* _Work request_: Where a line of the records contains the word "clothing", show that line.

[Data entries]
====

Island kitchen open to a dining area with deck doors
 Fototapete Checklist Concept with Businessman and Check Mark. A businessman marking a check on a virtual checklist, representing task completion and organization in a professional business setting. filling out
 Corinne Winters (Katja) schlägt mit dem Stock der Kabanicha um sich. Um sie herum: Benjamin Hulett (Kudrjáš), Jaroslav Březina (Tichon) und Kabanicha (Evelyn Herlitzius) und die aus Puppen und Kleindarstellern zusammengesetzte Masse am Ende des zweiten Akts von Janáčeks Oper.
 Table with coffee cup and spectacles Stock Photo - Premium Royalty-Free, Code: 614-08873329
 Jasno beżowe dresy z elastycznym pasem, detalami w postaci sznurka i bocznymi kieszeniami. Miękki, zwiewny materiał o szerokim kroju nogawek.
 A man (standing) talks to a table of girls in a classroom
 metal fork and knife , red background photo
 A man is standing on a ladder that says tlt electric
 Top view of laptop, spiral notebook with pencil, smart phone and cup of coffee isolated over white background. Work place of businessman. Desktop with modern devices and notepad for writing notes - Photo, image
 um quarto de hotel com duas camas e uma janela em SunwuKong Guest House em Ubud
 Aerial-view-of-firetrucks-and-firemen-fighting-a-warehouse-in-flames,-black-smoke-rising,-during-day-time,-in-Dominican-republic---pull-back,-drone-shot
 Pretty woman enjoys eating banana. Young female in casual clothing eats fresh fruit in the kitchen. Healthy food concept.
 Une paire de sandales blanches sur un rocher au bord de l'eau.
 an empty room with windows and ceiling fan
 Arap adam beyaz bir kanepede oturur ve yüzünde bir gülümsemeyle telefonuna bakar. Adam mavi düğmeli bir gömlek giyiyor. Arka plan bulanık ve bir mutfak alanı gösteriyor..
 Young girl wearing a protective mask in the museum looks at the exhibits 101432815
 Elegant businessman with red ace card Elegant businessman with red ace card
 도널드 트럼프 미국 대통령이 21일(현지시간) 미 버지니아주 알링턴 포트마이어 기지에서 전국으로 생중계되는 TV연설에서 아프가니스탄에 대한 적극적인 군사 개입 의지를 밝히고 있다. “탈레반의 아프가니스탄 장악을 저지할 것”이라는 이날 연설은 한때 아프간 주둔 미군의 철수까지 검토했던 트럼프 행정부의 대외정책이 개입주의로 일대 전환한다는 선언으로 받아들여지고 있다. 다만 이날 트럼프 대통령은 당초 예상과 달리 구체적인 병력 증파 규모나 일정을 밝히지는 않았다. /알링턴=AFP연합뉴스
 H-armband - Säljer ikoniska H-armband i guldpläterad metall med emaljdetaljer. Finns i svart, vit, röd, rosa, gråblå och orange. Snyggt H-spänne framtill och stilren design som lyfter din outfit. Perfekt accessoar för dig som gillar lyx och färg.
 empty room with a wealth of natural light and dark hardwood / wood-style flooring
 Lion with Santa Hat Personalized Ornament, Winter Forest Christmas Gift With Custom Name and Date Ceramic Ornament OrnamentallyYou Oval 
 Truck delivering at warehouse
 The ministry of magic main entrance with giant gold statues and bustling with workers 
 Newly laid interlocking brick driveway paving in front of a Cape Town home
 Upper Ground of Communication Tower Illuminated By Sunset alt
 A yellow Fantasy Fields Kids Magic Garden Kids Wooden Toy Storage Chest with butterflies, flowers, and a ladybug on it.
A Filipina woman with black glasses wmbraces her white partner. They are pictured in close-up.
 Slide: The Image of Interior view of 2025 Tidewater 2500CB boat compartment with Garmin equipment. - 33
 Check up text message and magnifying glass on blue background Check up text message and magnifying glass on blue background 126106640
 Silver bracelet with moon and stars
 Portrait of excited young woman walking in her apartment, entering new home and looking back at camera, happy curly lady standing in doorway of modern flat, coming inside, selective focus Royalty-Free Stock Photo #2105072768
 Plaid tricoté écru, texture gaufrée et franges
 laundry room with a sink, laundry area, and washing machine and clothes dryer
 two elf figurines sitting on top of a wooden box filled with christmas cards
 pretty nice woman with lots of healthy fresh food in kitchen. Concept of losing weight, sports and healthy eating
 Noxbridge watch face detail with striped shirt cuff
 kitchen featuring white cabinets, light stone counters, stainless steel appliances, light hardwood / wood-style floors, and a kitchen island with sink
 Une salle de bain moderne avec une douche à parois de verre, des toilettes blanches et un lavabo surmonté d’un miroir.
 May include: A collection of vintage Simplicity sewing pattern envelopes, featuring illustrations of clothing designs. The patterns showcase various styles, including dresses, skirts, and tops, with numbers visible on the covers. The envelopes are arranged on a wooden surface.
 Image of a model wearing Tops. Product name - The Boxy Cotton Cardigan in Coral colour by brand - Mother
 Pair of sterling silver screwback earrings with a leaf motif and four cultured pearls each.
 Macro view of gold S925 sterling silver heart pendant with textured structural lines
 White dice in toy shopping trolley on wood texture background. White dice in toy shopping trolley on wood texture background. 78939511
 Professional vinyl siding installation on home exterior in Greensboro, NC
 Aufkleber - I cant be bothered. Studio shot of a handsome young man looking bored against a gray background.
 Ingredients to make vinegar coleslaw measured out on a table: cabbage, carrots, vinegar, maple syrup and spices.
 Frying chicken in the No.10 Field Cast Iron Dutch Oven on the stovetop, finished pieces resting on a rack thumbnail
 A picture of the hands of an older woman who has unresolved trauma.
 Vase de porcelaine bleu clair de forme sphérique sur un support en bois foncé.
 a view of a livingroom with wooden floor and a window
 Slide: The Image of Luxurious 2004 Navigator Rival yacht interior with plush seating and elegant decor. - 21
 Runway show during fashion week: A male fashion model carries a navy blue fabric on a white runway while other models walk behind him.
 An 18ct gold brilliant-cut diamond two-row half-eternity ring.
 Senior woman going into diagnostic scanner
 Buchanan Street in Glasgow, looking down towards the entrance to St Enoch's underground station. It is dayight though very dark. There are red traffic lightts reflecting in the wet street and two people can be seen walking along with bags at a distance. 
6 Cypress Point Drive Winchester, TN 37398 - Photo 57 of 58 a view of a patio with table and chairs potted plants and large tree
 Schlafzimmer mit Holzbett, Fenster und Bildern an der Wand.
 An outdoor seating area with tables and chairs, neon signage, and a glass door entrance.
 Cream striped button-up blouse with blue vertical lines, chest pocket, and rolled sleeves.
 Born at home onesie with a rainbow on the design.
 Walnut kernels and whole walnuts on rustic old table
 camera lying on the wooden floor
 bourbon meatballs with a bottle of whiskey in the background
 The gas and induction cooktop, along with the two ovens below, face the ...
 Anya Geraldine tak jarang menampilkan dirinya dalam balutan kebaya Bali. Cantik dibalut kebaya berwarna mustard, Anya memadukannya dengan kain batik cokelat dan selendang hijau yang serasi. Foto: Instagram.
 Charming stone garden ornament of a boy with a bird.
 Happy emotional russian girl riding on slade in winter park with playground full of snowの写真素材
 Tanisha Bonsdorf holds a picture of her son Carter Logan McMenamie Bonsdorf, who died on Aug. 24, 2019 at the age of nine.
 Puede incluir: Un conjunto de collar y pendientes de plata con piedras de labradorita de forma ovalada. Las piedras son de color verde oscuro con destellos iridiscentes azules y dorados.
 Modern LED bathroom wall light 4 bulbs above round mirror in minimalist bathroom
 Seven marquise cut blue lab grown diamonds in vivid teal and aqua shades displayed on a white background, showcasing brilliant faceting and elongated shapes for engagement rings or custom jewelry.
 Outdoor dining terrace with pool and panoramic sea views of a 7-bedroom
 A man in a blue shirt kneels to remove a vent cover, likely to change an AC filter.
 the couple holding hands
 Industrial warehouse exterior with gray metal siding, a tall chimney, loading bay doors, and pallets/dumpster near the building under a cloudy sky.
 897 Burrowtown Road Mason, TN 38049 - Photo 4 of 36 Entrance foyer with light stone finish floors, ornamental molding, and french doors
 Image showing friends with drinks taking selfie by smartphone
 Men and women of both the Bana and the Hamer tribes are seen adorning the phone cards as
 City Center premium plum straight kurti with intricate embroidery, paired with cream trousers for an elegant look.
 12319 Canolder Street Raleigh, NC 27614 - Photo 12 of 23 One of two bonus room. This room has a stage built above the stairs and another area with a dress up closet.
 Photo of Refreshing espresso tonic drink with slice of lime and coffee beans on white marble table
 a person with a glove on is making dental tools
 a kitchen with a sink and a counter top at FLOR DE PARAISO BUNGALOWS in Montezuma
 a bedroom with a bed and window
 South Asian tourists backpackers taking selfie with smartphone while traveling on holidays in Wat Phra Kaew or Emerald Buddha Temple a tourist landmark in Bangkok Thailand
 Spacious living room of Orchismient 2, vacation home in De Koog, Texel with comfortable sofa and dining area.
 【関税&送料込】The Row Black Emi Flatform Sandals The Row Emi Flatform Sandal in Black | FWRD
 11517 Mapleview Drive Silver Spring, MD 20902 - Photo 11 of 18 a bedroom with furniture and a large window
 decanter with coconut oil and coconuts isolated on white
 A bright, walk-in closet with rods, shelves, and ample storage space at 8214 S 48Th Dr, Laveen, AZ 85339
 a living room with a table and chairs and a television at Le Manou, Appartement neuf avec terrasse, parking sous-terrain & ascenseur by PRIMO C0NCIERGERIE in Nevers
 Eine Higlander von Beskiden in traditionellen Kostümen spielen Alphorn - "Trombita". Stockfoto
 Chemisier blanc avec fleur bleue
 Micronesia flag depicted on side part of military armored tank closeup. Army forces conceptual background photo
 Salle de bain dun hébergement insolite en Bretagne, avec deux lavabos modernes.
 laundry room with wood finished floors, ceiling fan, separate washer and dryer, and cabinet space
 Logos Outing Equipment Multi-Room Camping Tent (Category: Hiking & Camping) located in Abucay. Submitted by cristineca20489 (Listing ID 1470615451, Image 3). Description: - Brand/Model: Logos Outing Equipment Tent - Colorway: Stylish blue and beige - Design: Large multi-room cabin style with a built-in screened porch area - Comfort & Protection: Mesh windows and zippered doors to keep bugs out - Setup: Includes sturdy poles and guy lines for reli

====

* _Response area_:
 Pretty woman enjoys eating banana. Young female in casual clothing eats fresh fruit in the kitchen. Healthy food concept.
 May include: A collection of vintage Simplicity sewing pattern envelopes, featuring illustrations of clothing designs. The patterns showcase various styles, including dresses, skirts, and tops, with numbers visible on the covers. The envelopes are arranged on a wooden surface.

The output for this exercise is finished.